AKP Milletvekili Öztürk, şehir hastaneleri ile özel hastanelerdeki sağlık vurgununu kendi yaşadıkları üzerinden şöyle anlattı: “Benim de kafamın karıştığı, özellikle sağlık yatırımlarında canımı sıkan işler oluyor. Gidiyorsunuz hastaneye, size A’dan Z’ye tahlil yazıyorlar. Yok kanser tahlili, bilmem ne tahlili. Ya, kardeşim, ne gereği var, diyorum. ‘Efendim, siz para ödemiyorsunuz’ diyor. Kim ödüyor? Meclis ödüyor. Ya, Meclis de ödese kamu ödüyor, bana illa hastalık mı icat edeceksiniz diye benim de çıkış yaptığım oluyor. Gidiyorsunuz ufak bir mesele için, size diyor ki, ‘efendim, gelmişken bir check-up yapalım’ şimdi moda oldu ya. Yok MR çekelim, yok şunu çekelim. İlla bir hastalık buluncaya kadar… Sistemde çok aksayan yerler var.”

 

 

BOŞUNA AMELİYAT YAPILIYOR

CHP Balıkesir Milletvekili doktor Fikret Şahin, şehir hastaneleri modeliyle sağlık hizmetinin adeta para kazanılır ticari bir hizmet alanı haline dönüştüğünü, bu hastanelerde amacın insan sağlığından çıkıp kara odaklandığını savundu. Şahin, “Başhekimler toplantı yapıp hekimlere diyorlar ki, ‘Arkadaşlar, MR fazla isteyin, odyo fazla isteyin, tahlili fazla isteyin, gelirimiz artsın. Döner sermayemiz düşük kalmasın.’ Başhekimler ciro bazında birbirleriyle yarışıyorlar, ‘ben bu ay 10 trilyon ciro yaptım, geçen aya göre 2 trilyon artırdım’ diyorlar. Boşuna ameliyatlar yapılıyor. Ben şahit oldum, hekim olarak vicdanım sızlıyor” diye konuştu.

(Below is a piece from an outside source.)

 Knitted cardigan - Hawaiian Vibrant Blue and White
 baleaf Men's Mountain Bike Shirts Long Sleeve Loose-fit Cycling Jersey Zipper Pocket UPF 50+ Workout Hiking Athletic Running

Kaynak: https://www.sozcu.com.tr/2019/ekonomi/vekile-bile-hastalik-uydurmak-istediler-5233955/

***

EK 1 (24.5.2023)

Makale: Mammograms for women 40 & over?

Kaynak: https://maryannedemasi.substack.com/p/mammograms-for-women-40-and-over

***

Yazı için 3 yorum yapılmış:

  1. Artık hemen hemen her gidilen doktor hemen mr, röntgen, tomografi ne varsa istiyor, sonrasında da diğer branştaki arkadaşına yönlendiriyor, O da kendi alanına ait tüm tetkikleri istiyor. Yaptırmak istemezseniz de kanser şüphesi filan deyip sizi huzursuz ediyor. İnanılmaz bir rant

  2. Müderris Tabib dedi ki:

    MHRS (merkezi hasta randevu sistemi) ile toplam nüfusu 90 milyon olan ülkemizde son on ayda ÜÇ YÜZ milyon randevu verilmiş!
    Bunların dörtde biri randevuya gitmemiş.

    Merhum Cem Karaca ne diyordu?
    Hava bedava, su bedava
    Bedava yaşıyoruz bedava..

    Tabii ironi yapıyordu, komünizm gibi kapitalizm yani modern Tıp da sömürüyordu!

  3. Alişan Yıldıran dedi ki:

    Sosyal medyada Norveç’deki hastanenin videosunun altındaki yorumlar içimi acıtdı

    https://twitter.com/i/status/1596948345179832321

    Nüfusu ve düşmanı olmayan ruhsuz bir ülke!

    Orda hasta da yok zaten doğru gogoya gönderiyorlar.